One of the Italians, the older one, kept standing up to take photos the cable car swaying slightly as he did so. I had to fight a strong urge to smack up the side of the head and tell him to sit down and be still but instead I gripped the bottom of the seat, clenched my teeth and prayed for it to be over.


Once safely at the end of the death ride it was a short walk through the strip of restaurants and souvenir shops of Ngong Pong to reach the Buddha. I had to smile at the attempt by this restaurant to cover multiple culinary possibilities.


There are 268 steps up to the Tian Tan Buddha, but that’s when living in a walk up in New York came to my advantage although there are only a mere 45steps up to my 4th floor apartment. Still I was happy to breeze to the top without too much effort despite long hours at the office having impinged on the frequency of my gym regimen before the trip.





At the base of the Buddha are smaller bronze statues representing the immortals.


The Tian Tan Buddha statue is an extension of the Po Lin monastery which was founded in 1906 by three monks visiting from Jiangsu.




After a stroll along the wisdom walk we'd had our fill of Ngong Ping and hopped on a bus for the 15minute trip to Tai O, a small fishing town on the western side of Lantau Island.





Afterwards we took a bus to Mui Wo on the east coast of the island where we searched fruitlessly for somewhere to eat that looked halfway decent and wasn’t packed to the rafters. We gave up and took the fast ferry to Central for $36.70 where we decided to go with a recommendation from one of my Hong Kong born friend, Christine, and have lunch at Yun Kee restaurant on Wellington St where goose is a speciality. Unfortunately they were all out by the time we arrived around 3.30pm, so instead we ordered the braised pork with rice and mixed meats with tofu.

The pork was delicious, the mixed meats I was less keen on. It included chicken, cuttlefish, mushrooms and a couple of mystery meats that had been flattened and cut into thin slices camouflaging their true identity. I took a smile bite of what I assumed was the abalone as Melissa gauged my reaction.

It didn’t taste of anything much. “It’s okay, it’s very bland” I told her. “Try a bit.”

As she took a small bite of the mystery meat her face froze.

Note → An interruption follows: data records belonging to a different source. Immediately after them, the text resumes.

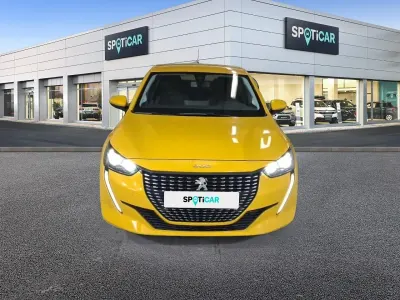 Usado Peugeot 208 Active 100 CV (73 kW) 2021 Dorado Utilitario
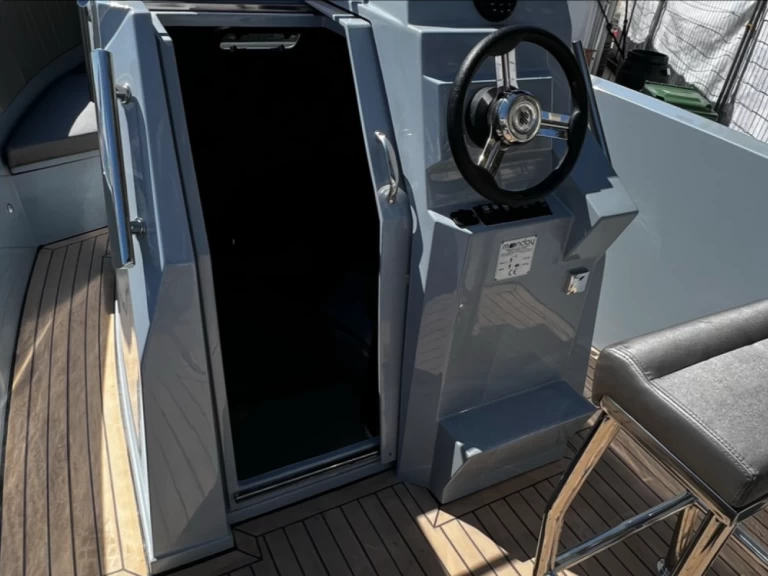 Moonday yacht Matrix 655 de alquiler a Six-Fours-les-Plages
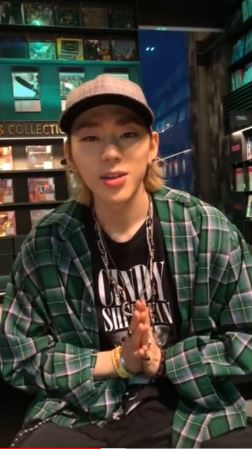 Blockbジコが현대카드 Instagram Liveで着用のシャツ Tk Town 韓国芸能人着用韓国セレクトブランド情報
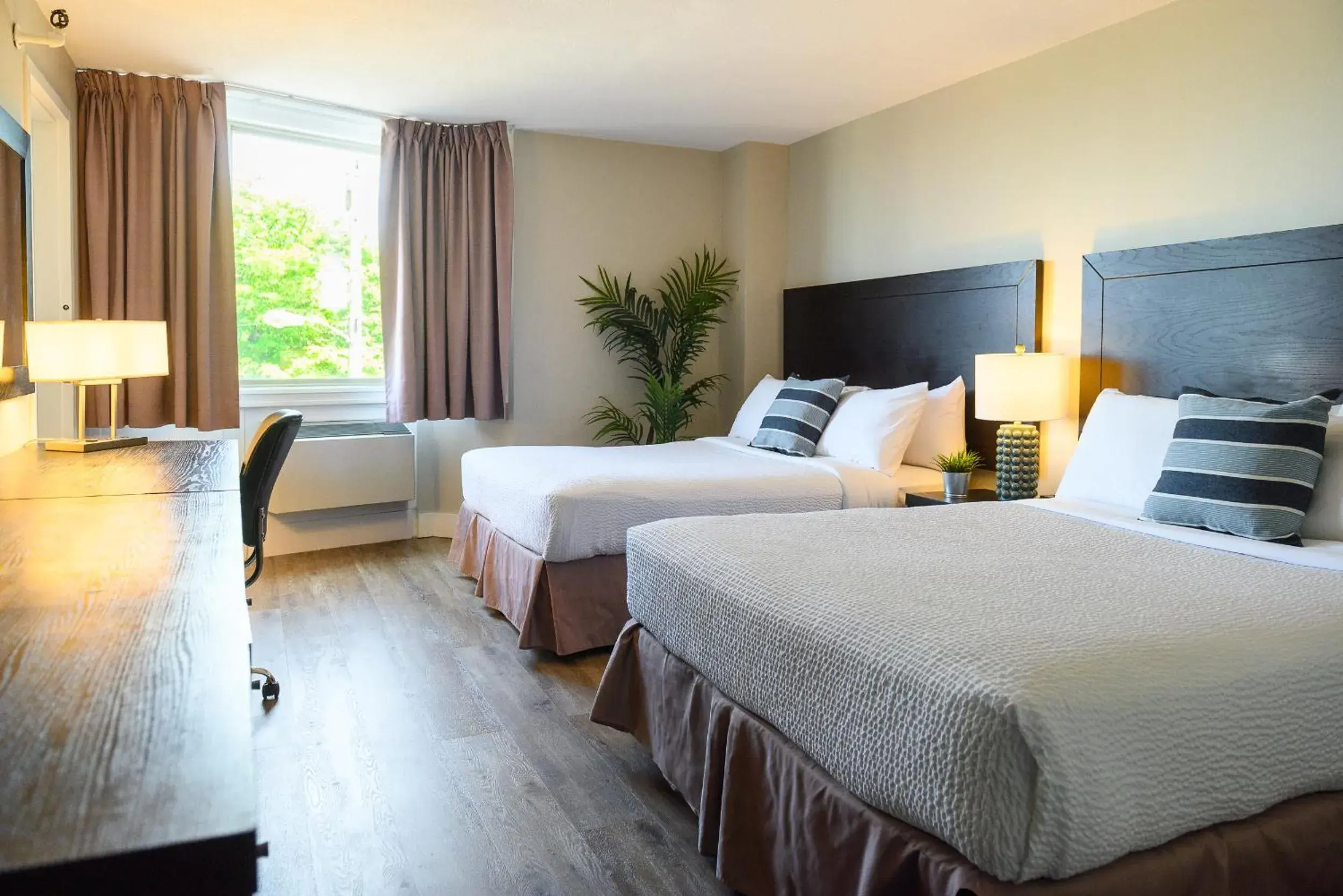 Bedroom, Bed in Rodd Grand Yarmouth Bedroom, Bed in Rodd Grand Yarmouth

“THIS is not THAT” said Melissa jabbing her chopsticks towards the leftover abalone on my plate.

She looked like she didn’t know whether to spit it into her napkin or bite the bullet and swallow it whole. She went with the latter.

“It had a very strong taste” she said

She didn’t look too well. “Do you want to stop by that bakery we passed on the way here and get something sweet to take the taste away?” I asked.

“Yes!!” she responded with absolute certainty. In fact I’ve only once ever heard her give a more definitive answer, which was to the question ‘do you think Daniel Craig’s attractive?’

My guess is she had a bite of pigeon, it was all over the menu along with goose as one of the specialities of the house.

Mystery Meats

Tuesday, 30 December 2008

Hong Kong Part 2: Sharks have lips???

After taking our fill of the views from Victoria Peak we consulted our guidebooks and saw that Fodors suggested not bothering with a return ticket on the tram to take us down from the peak, but instead to consider “taking one of the beautiful low-impact trails back to Central” and promising “spectacular views in all directions via the Peak Circle Walk, “an easy-going 2.2 mi (3.5-km) paved trail”

Beautiful yes, spectacular views, absolutely. Easy going? Well the jury’s still out on that one. It was pretty steep in places and not a walk I’d recommend to someone who wasn’t in the best of health or elderly as it was particularly hard on the knees and calves in places. Admittedly Melissa and I are on the wrong side of 35, but we’re both regular walkers and gym goers, in fact while in Hong Kong we walked 12miles per day on average, so we’re no lightweights when it comes to a bit of exercise, so I felt the Fodors guide cavalierly dismissing the walk down as easy going was a bit off the mark.

Nearing the bottom of the peak we passed luxury high rise apartment buildings that appeared to be chocka with western ex-pats and we consulted our map to locate the Midlevels escalators recommended by our numerous guidebooks as a sight worth seeing and described by Fodors as “a practical human mover, this is actually a 1-km-long (1/2-mi-long) combination of escalators and walkways that provide free, glass-covered transport up or down the steep incline between Central and Midlevels.”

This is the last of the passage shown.